DATA TO USE>
=== Section Start ===
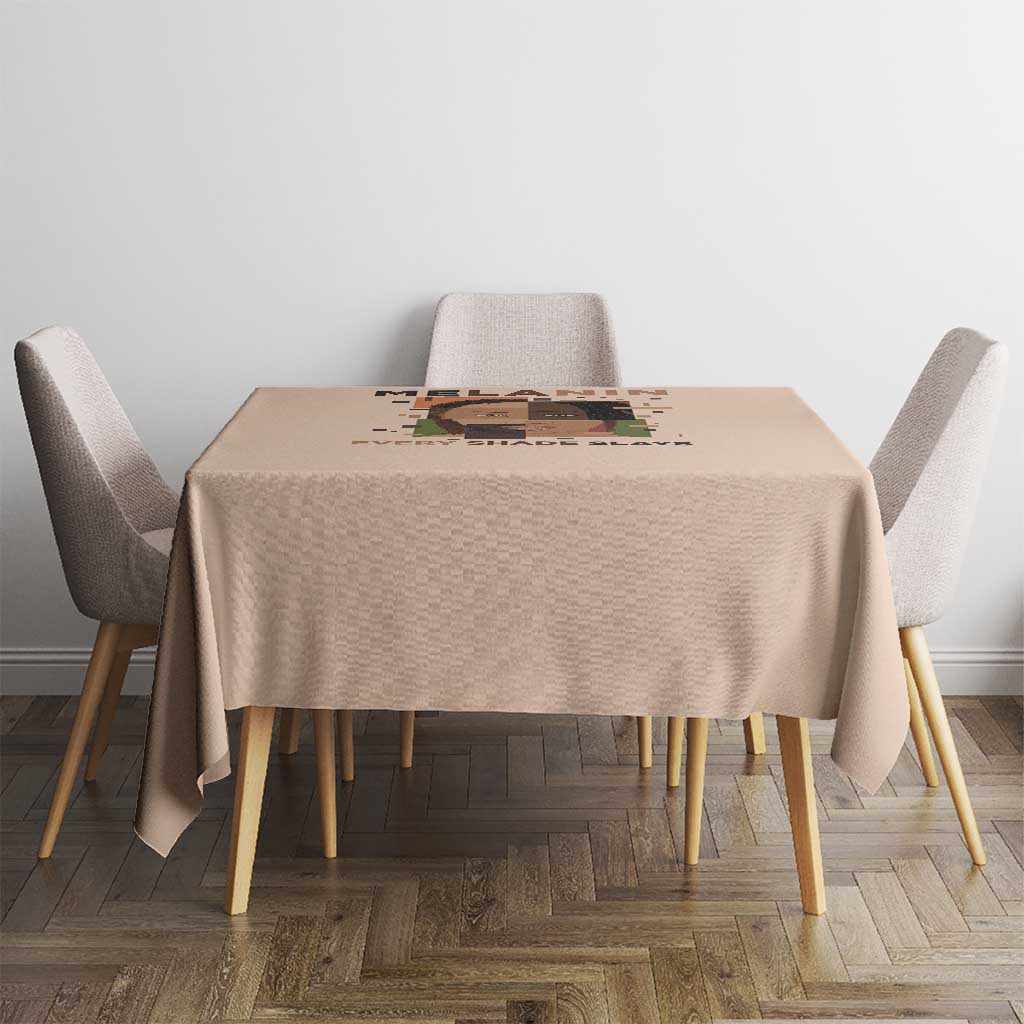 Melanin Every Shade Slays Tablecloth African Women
=== Section End ===
=== Section Start ===
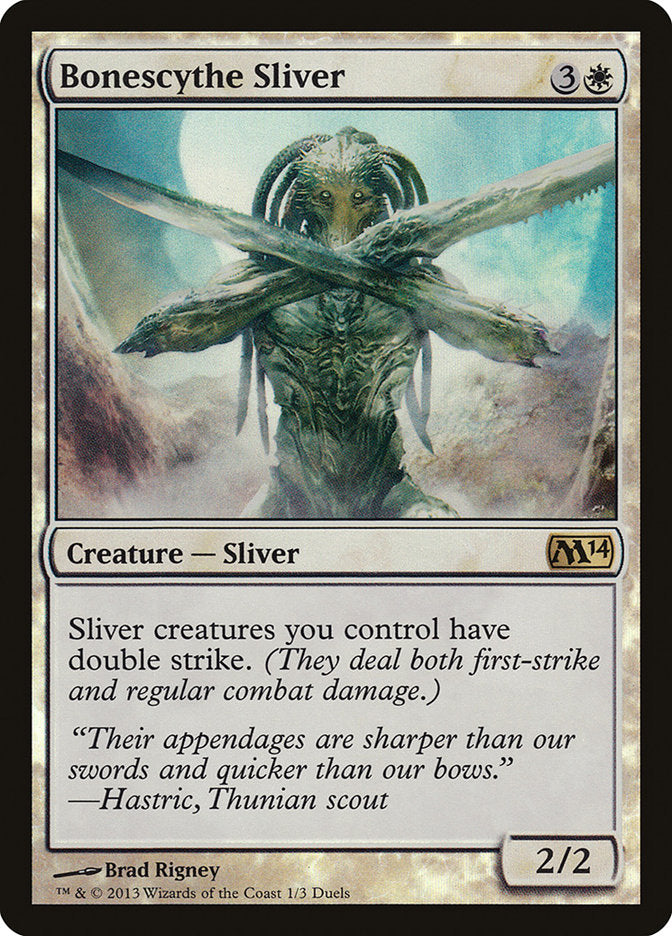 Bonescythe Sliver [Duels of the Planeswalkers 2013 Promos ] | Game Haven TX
=== Section End ===
=== Section Start ===
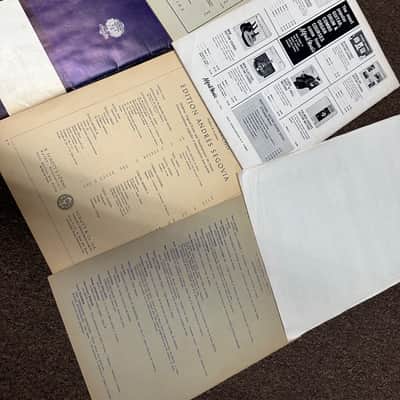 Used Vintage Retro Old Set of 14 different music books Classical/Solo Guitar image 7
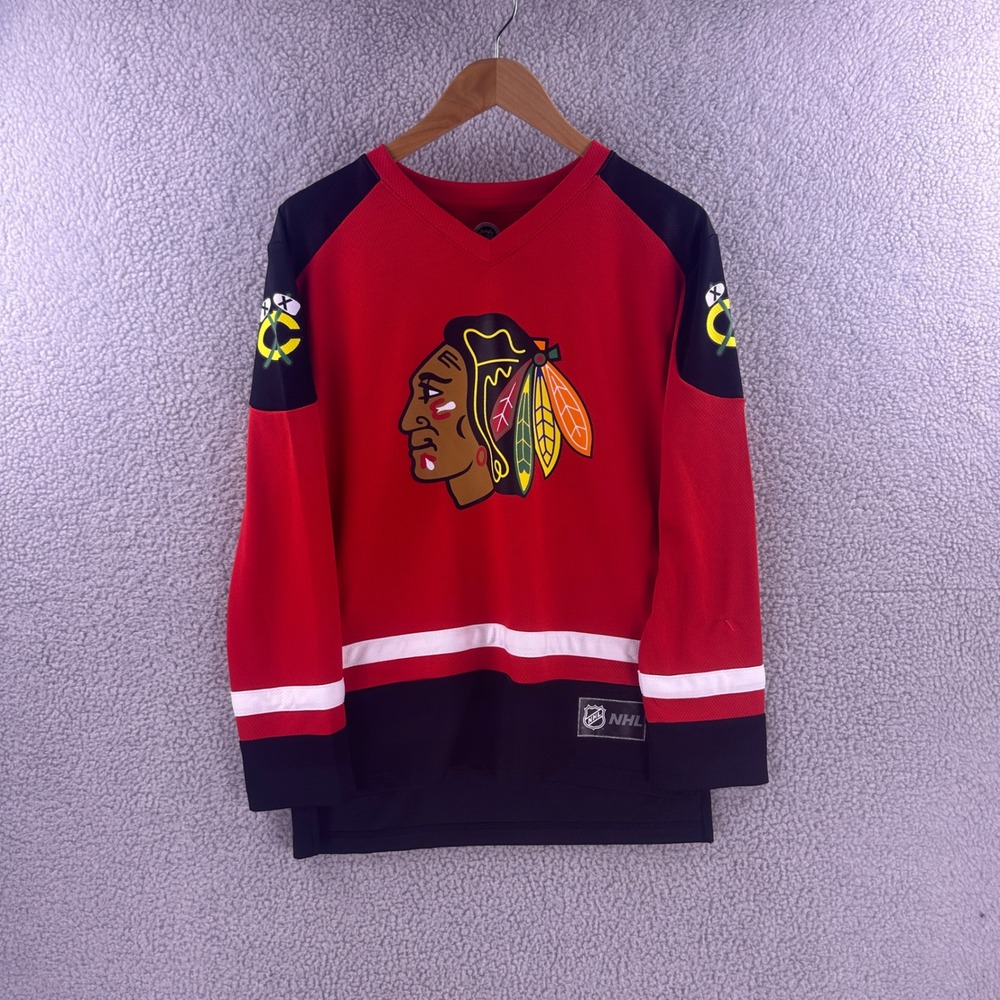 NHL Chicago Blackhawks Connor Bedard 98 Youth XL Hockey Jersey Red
=== Section End ===
TASK> Word for word, restate the lines above from the one with "Used Vintage Retro" through the one with "NHL Chicago Blackhawks", keeping both ends and dropping the pictures.

PROBLEM SOLUTION>
 Used Vintage Retro Old Set of 14 different music books Classical/Solo Guitar image 7
 NHL Chicago Blackhawks Connor Bedard 98 Youth XL Hockey Jersey Red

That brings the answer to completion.